Former Buenos Aires Cardinal Jorge Mario Bergoglio was elected Pope in March with the agreement among the cardinal-electors that he would reform the scandal-prone Vatican City and the Catholic Church.

As part of the broad reforms that Pope Francis is introducing in the scandal-ridden Roman Catholic Church, the pontiff issued on Thursday a Motu Proprio through an Apostolic Letter.

The document changes the Holy See laws and names sexual abuse of children as a specific crime. The Vatican would also implement international anti-money laundering rules in the hope of ending years of financial scandal hounding the Catholic Church. It also criminalised leaks of Vatican information.

With the amendment, child prostitution, sexual violence and sexual relations with children and child pornography are included in a wider definition of crimes against minors. Covered by the new law are both clergy and lay people who live and work in Vatican City.

With the reform, a minor is defined as anyone below 18 and Vatican prosecutors are allow to file a case against an erring clergy or layman on his own even if the victim or guardians opt not to file a criminal complaint.

It is different from the canon law that covers the Catholic Church worldwide. With the issuance of the Apostolic Letter, Vatican's penal code based on the 1889 Italian code is updated to reflect the Church's signing of international treaties as the UN Convention on the Rights of the Child.

The Apostolic Letter also renews Vatican's commitment to international conventions against global crimes like money laundering and terrorism and extends the criminal liability of officers and employees of the Roman Curia that would make them answerable to crimes even if committed outside Vatican.

For breaching Vatican confidentially, violators who disclose or receive confidential information or documentation could be jailed from six months to two years and fined $2,500. If the materials leaked involve fundamental interest of the Church or its diplomatic relations with other nations, the penalty could be up to eight years prison term.

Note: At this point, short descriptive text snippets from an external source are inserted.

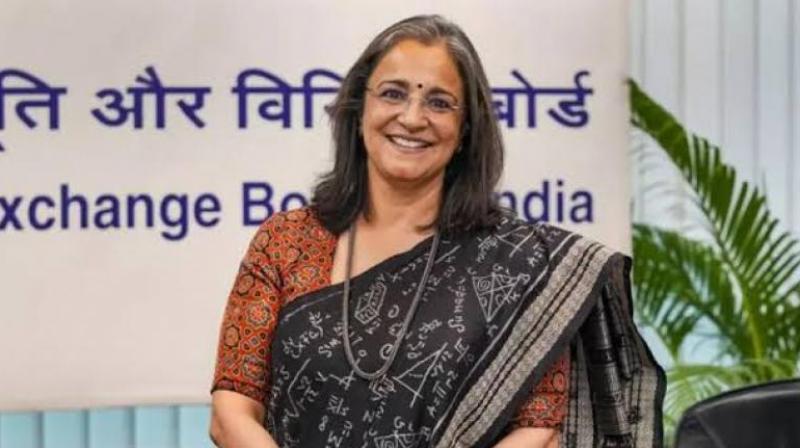 Who is Madhabi Puri Buch? From her education to her salary, know all about SEBI chief news in hindi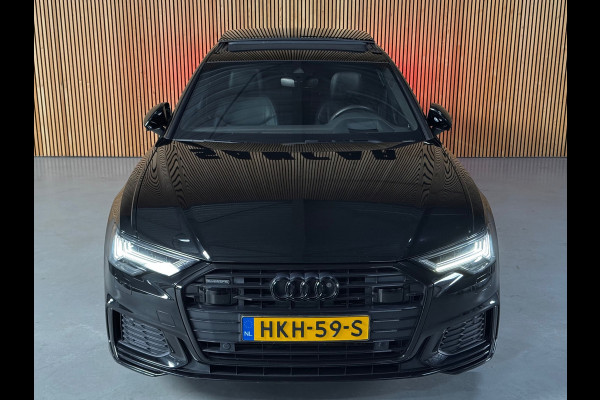 Audi A6 Limousine 50 TFSI e quattro 3x S Line|Pano|HUD|B&O|MATRIX LED|NIGHTVISION|VOL|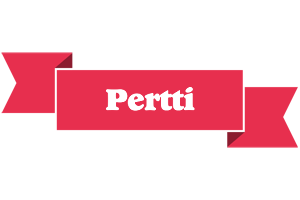 Pertti sale logo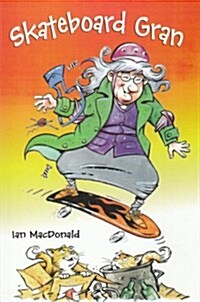 Skateboard Gran (Paperback)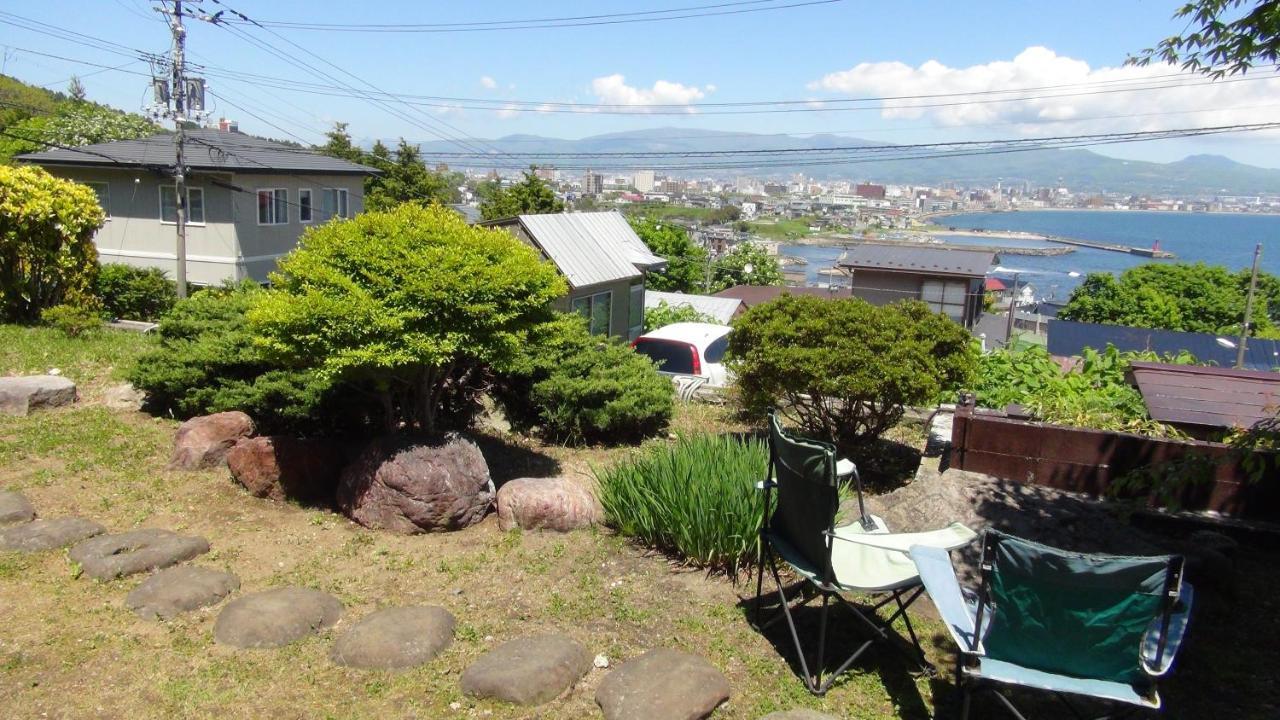 Hakodateyama Guest House Екстер'єр фото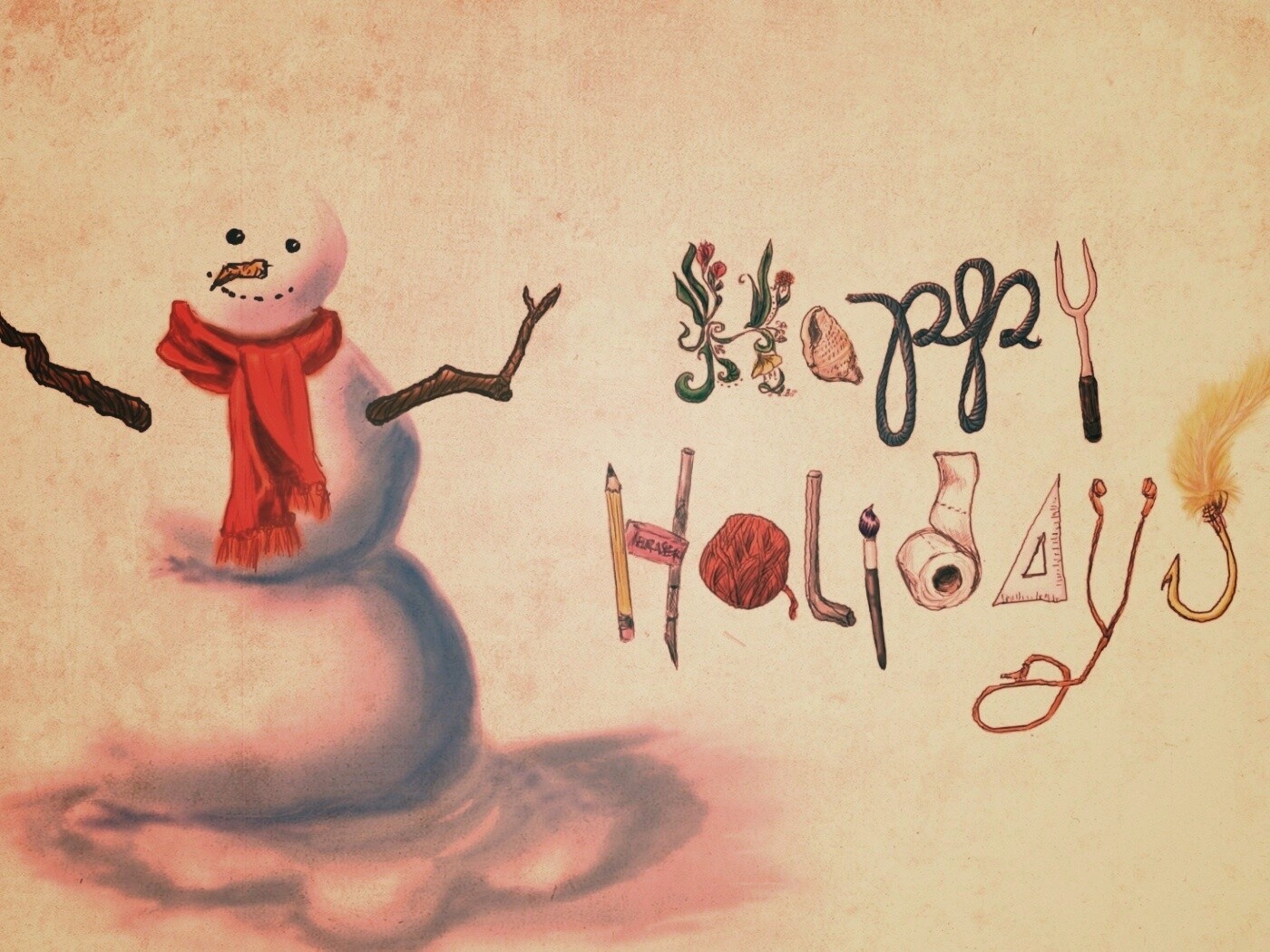 Веселых выходных обои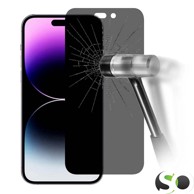 HQ Zaštitno staklo od ruba do ruba za Samsung S25 Ultra, privacy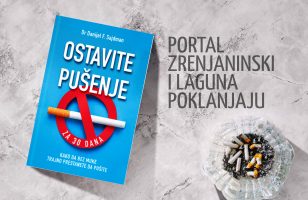 ostavite pušenje za 30 dana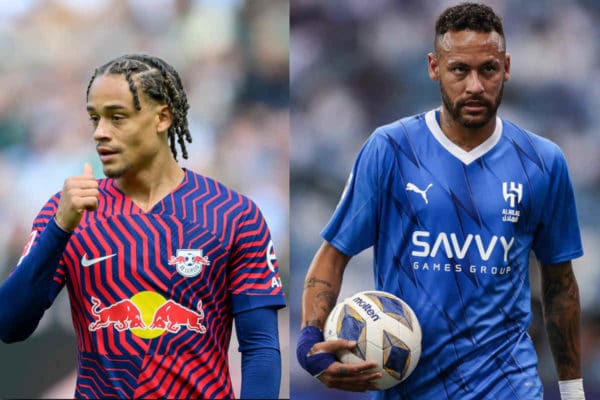 Xavi Simons révèle tout sur sa relation avec Neymar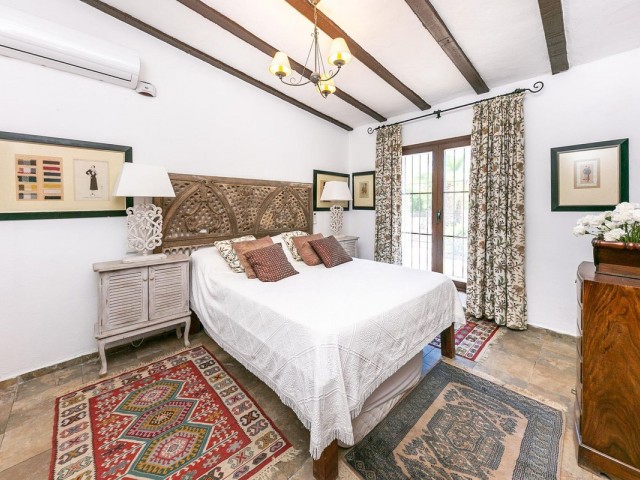 6 Slaapkamer Villa in Mijas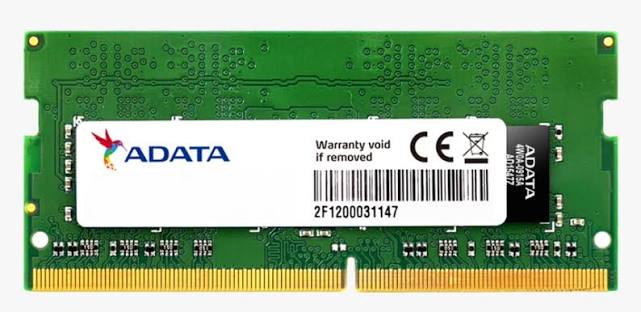 DDR4 Laptop RAM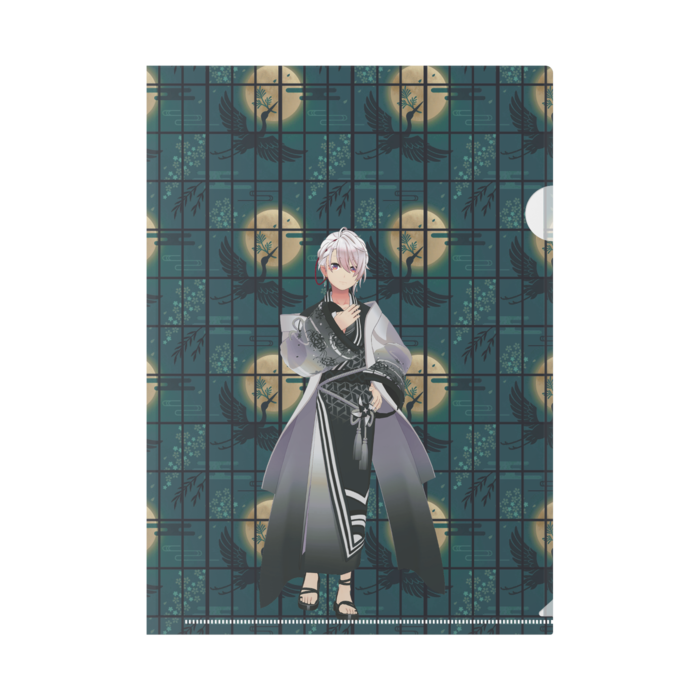 クリアファイル - A4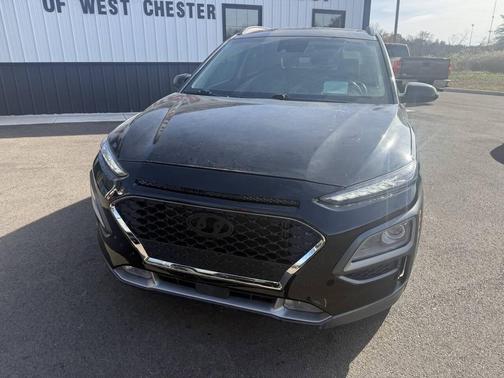 2021 Hyundai KONA Ultimate AWD 4dr Crossover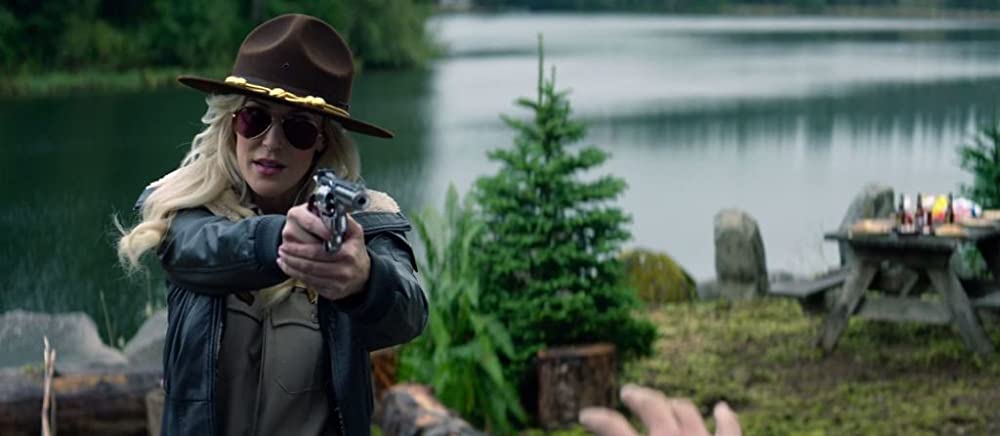 キャビン・フィーバーの画像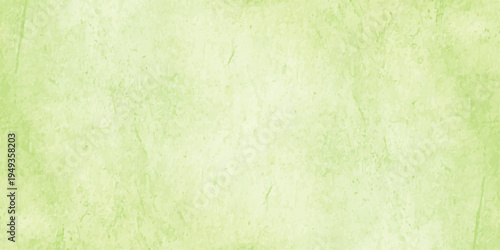 light green handmade mulberry paper texture background with organic fiber strands for eco friendly minimalist design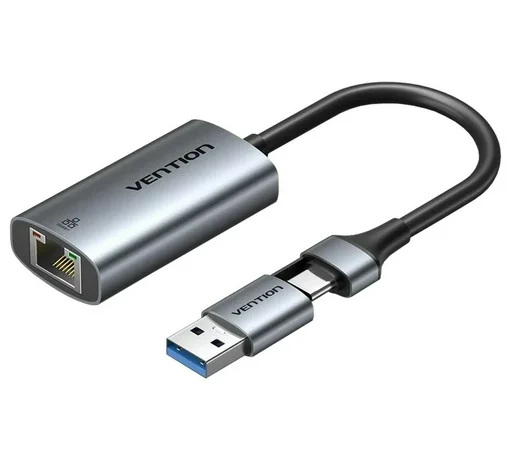 Сетевая карта Vention CFQHB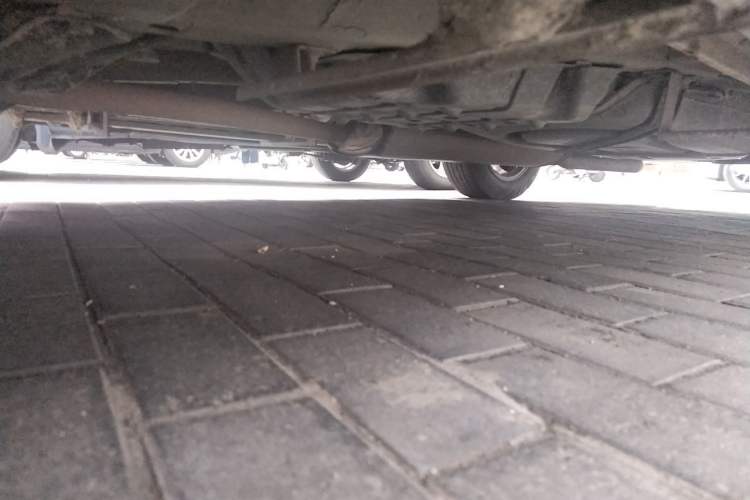 Used CHANGAN CS75 2014 1.8T Automatic Elite Model China IV Standard Chassis Front Left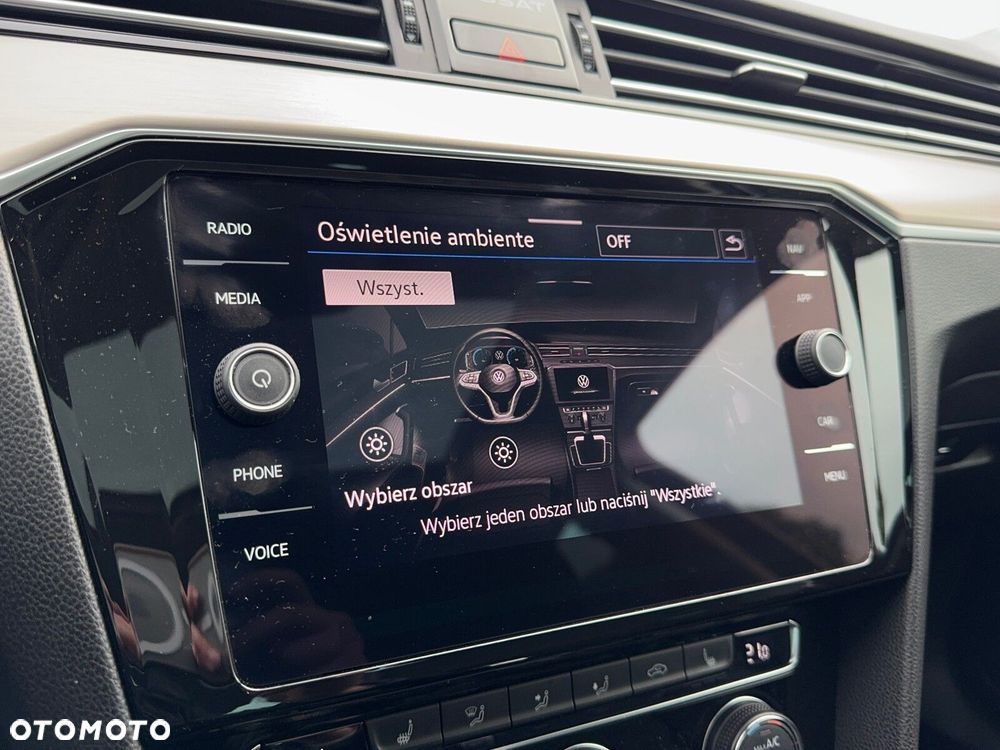 Volkswagen Passat 2.0 TSI Elegance DSG - 31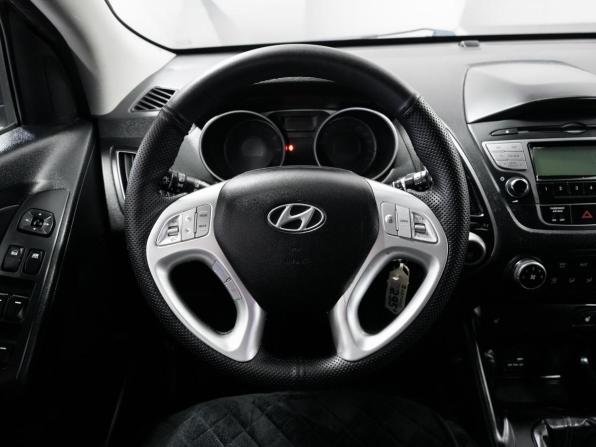 Hyundai ix35 I с пробегом 2013 года, цена 1 090 000 рублей, 198110 км, внедорожник, Автокод Объявления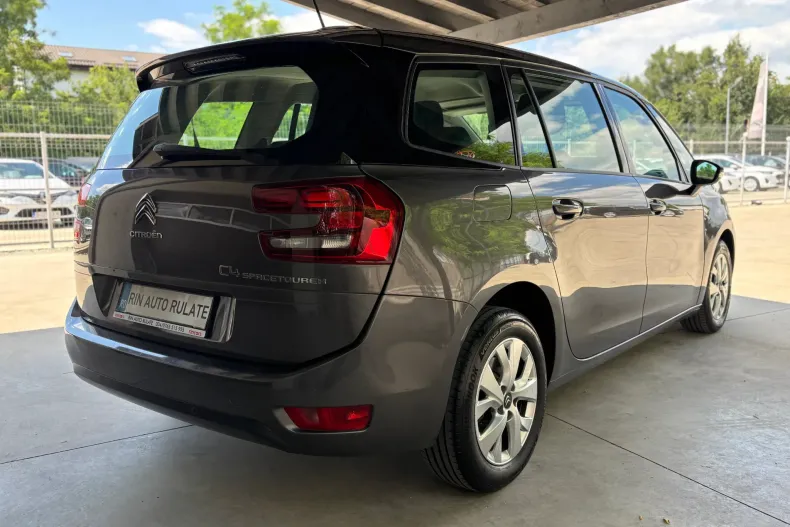 Citroën C4 Grand Space Tourer din 2021 cu 176.000 km - oferta CIT234729 - foto 7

It would be recalled that a former butler of Pope Emeritus XVI was arrested for stealing documents and leaking them, but the former pope forgave him.

Even before he issued the Motu Proprio, Pope Francis appointed an advisory board made up of cardinals that would reform the Curia and has opened a special panel to find was to reform the Vatican bank which was again implicated two weeks ago with the arrest of a Vatican monsignor for smuggling euro to Italy from Switzerland.